|Reviews for The Hands of the King|
| GreyWolfEyes chapter 1 . 9/2/2011
Oh hello :)
So, first of all... From the very beginning of this one shot, you make it evident that you both empathize with and seem to really know Denethor, from your attention to the details of his physical pain to the intricacies of his emotional turmoil. I love how you include the fact that even in (near) death, Denethor still has the palantir.. The evil conduit that is greatly responsible for his descent into madness. And yet, as you describe water falling on the palantir's surface, you make it clear right away that even deep evil cannot always resist good, cannot always overtake it. Even a few drips of water may be enough to quench a fire..
During Denethor's brief inner monologue, I enjoyed how you showed his madness to be a by-product of his deep love for his sons, instead of his madness becoming a source of hatred for them (or, well a source of hatred for Faramir, anyway). You show a psychological picture of Denethor that many authors neglect.
| Osheen Nevoy chapter 1 . 11/20/2010
This is a fascinating story! I'd never encountered before, or thought of, the possibility that the hands of a healer might still be effective even after death. I liked the connection that Denethor feels between Eldacar's loss of his eldest son, and his own. At first I didn't understand why Denethor was trying to get Eldacar's robes, but I guess it was because he needed dry clothing?

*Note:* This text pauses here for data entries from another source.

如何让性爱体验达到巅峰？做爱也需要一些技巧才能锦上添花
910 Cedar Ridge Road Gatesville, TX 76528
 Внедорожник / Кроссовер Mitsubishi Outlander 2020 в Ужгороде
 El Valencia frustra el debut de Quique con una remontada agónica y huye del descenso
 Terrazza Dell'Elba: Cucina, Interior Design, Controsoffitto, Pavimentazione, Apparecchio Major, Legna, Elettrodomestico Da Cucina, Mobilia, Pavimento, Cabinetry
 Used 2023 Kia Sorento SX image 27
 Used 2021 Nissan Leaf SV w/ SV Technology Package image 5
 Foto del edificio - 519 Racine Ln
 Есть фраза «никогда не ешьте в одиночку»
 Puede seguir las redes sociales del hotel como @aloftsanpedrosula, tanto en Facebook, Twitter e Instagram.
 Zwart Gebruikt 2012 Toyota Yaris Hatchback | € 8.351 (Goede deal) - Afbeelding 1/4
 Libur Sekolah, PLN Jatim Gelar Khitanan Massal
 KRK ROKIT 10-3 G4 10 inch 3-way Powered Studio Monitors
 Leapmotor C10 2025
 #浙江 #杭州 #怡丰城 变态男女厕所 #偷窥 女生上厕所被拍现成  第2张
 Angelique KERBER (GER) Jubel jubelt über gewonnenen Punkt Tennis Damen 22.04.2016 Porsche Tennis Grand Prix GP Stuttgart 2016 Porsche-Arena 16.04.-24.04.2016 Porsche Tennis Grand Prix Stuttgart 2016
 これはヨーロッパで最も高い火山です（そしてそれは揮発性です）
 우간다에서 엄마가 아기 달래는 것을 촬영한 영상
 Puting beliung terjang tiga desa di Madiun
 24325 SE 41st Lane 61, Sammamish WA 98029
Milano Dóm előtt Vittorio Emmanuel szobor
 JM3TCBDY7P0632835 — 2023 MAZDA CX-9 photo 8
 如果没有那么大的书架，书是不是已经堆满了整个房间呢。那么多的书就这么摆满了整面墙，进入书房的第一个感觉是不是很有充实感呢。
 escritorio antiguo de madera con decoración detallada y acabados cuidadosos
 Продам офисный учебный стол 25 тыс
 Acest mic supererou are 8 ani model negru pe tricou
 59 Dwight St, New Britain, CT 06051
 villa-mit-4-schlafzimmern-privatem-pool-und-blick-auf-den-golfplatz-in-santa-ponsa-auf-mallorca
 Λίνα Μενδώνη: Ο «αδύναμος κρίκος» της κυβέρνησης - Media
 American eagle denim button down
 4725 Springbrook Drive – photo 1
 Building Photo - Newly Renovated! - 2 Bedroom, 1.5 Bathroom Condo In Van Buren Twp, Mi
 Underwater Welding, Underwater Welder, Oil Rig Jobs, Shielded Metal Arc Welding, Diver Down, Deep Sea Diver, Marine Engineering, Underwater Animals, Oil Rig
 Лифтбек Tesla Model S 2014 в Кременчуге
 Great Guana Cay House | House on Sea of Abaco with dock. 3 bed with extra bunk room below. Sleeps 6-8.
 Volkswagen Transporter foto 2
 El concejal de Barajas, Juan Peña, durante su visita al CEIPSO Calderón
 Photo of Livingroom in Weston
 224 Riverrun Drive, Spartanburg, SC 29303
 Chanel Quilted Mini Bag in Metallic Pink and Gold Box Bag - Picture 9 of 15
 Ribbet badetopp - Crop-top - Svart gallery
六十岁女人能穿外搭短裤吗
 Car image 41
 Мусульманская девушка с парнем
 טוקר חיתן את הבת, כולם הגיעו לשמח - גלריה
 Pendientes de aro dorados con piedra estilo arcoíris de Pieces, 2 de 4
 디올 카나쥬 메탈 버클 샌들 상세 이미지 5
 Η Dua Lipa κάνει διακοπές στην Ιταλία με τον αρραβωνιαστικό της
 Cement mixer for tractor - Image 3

I would love to see more of this tale; see it turned into part of a much longer story. I want the answers - to know what happened differently that made Denethor not have Faramir there with him in the House of the Stewards, and of course, to know what happens after this! It seems probable that Denethor's attitude toward Aragorn and his healing hands might be a bit altered now that he's had this experience with the healing hands of another king?